# Exercise when limited to couch rest?



## liljaker (Aug 6, 2011)

Well, LOL, if it were Sunny he'd amuse himself watching TV. He is glued to the flatscreen all the time!!!! Loves the cartoons! Obviously, that won't exercise her, but it would AMUSE her!


----------



## msminnamouse (Nov 4, 2010)

I swear, if she watches anymore LMN (the woman's movie network), she's going to become a feminist! Lol.


----------



## sarahmurphy (Mar 22, 2012)

I may have missed something, but isn't the point of rest to "Not exercise"?... She's probably still going to be able to roll off the couch after 6 weeks of holding down the couch... (we have to crate to get stillness around here...)
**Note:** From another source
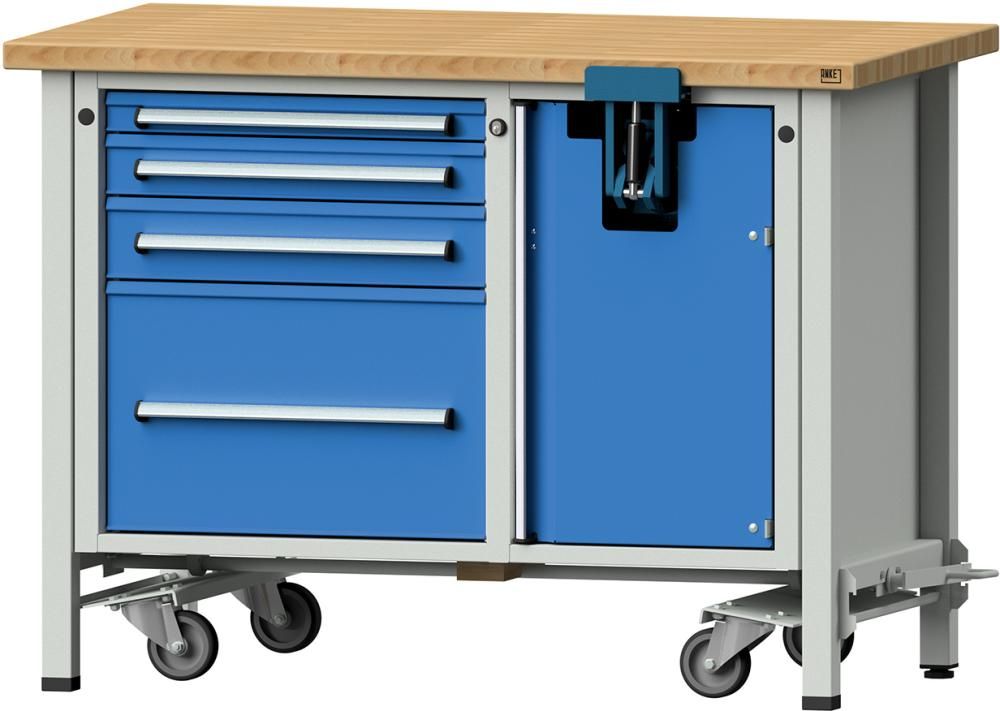 Anke Montagewerkbank B1270xT700xH930mm RAL7035/RAL5012 BMP 40mm 4 Schubladen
Rumor has it dogs don't understand your words, just your tone of voice, so you may be safe enough with LMN....:bathbaby::bathbaby:

sarah


----------



## Chagall's mom (Jan 9, 2010)

I'm sorry Ginger has an injury and long convalescence ahead of her. How hard for you both! This is really a dog owner's nightmare and torment; how to keep a dog, especially one as smart as a poodle, happily entertained when they're relegated to a sedentary life for a time. I ran a google search for ideas, but didn't really come up with anything novel; the usual food games, relaxation techniques, etc. I do remember a member, *Gorky*, whose spoo Lichen had to recuperate from a nasty shoulder injury, maybe you can reach out to her for some ideas on what she did to keep him content during his recovery? Meanwhile, I'll keep looking on-line and asking other dog owners for their ideas. I think lots of us could use suggestions about how to keep our poods occupied when they're healing. Meanwhile, I'll PM you a post I copied off a Yahoo group about providing activities for convalescing dogs. Pressed for time now or I'd excerpt it here. Good luck!:clover:


----------



## Poodlemama99 (Feb 12, 2010)

Only way to slow mine down during recovery is crate. Horrible for everyone. Nicholas luxating patella recovery was the longest 8 weeks of our lives. Good luck.


----------



## BorderKelpie (Dec 3, 2011)

When our 8 yo cattle dog tore her ACL, we were told to limit exercise to 15 minute walks. Good luck keeping a working Kelpie down. My daughter introduced her to tracking. Pelli was allowed to do scent pads which is basically just stomped out ptches of grass with her food hidden in it. She had to sniff out the food. It gave her something to do that was more standing, sniffing and thinking. She had been so depressed and miserable in her crate. The tracking got her mind (and her tail) working again without straining her knee. She would then go happily into her crate and watch tv and was allowed loose in the house on leash while DD did her homework. Tracking has become a great hobby for both of them Pelli loves it and now my DD is considering doing SAR once she's finished with college. 
Tracking really seems to work for most of my dogs, even the rescue chihuahua has been started recently. It makes them think, which helps wear them out. I have some seriously active dogs. lol


----------



## Karenl39 (Nov 18, 2012)

My 6 month old puppy justs got over her broken leg. She had plates put in it in 2 places. We gave her ace, LOL. Anyways, when she wasn't on the tranquilizer, I played games with her. I taught her to target my hand and also taught her to wait for treats. I also played hiding games with her dog food. I'd hide a piece in the blanket and she had to find it. Good luck, I think this was the longest 4 weeks in my life!


----------